+++ DATA SUPPLIED

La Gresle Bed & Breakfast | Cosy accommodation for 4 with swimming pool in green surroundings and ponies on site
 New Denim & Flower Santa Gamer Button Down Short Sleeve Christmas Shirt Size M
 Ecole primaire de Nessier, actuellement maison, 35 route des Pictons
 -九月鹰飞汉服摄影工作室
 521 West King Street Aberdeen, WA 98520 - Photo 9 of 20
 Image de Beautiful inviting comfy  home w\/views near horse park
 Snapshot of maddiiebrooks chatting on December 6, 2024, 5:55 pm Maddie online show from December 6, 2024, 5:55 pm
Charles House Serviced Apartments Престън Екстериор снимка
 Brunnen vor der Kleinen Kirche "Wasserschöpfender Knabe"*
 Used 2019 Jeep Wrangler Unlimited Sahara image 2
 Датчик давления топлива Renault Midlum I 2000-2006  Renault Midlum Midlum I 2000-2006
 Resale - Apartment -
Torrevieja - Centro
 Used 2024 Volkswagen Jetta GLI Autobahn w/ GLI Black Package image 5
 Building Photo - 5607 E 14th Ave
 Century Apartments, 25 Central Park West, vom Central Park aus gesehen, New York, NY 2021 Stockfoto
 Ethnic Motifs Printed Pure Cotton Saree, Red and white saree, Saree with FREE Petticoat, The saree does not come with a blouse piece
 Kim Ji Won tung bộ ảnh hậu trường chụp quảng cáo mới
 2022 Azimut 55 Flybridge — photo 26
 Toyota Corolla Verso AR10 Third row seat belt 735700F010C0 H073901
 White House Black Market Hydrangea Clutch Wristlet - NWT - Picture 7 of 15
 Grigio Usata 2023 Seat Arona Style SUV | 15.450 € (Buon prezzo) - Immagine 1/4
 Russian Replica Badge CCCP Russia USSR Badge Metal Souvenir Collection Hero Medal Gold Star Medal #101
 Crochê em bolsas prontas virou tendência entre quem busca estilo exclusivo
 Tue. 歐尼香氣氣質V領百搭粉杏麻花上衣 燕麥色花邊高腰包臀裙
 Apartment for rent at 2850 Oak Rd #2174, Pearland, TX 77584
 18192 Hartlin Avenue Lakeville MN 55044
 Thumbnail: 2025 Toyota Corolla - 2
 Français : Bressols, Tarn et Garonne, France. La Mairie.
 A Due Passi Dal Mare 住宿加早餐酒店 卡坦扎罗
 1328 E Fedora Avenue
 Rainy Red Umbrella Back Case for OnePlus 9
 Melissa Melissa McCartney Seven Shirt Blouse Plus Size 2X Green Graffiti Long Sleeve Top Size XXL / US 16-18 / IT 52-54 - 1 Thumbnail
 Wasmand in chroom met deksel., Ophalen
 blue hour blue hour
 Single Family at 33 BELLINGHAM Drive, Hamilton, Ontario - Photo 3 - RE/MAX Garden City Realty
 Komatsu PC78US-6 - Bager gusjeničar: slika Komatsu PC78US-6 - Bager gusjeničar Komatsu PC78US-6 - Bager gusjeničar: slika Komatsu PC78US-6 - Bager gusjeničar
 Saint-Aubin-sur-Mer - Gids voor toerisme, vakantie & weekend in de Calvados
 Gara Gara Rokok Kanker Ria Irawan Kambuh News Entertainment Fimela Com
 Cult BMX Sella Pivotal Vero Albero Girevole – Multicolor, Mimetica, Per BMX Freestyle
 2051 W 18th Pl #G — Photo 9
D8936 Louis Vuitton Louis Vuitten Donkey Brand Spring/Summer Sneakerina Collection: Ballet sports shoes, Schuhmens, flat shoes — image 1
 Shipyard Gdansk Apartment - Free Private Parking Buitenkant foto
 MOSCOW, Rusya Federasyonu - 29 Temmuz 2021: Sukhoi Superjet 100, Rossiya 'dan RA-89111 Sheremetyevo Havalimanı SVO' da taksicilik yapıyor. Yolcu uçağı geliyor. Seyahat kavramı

++++++

WHAT TO PRODUCE: Report how many lines in the listing above contain the string "Collection", giving the number alone.

TASK SOLUTION: 2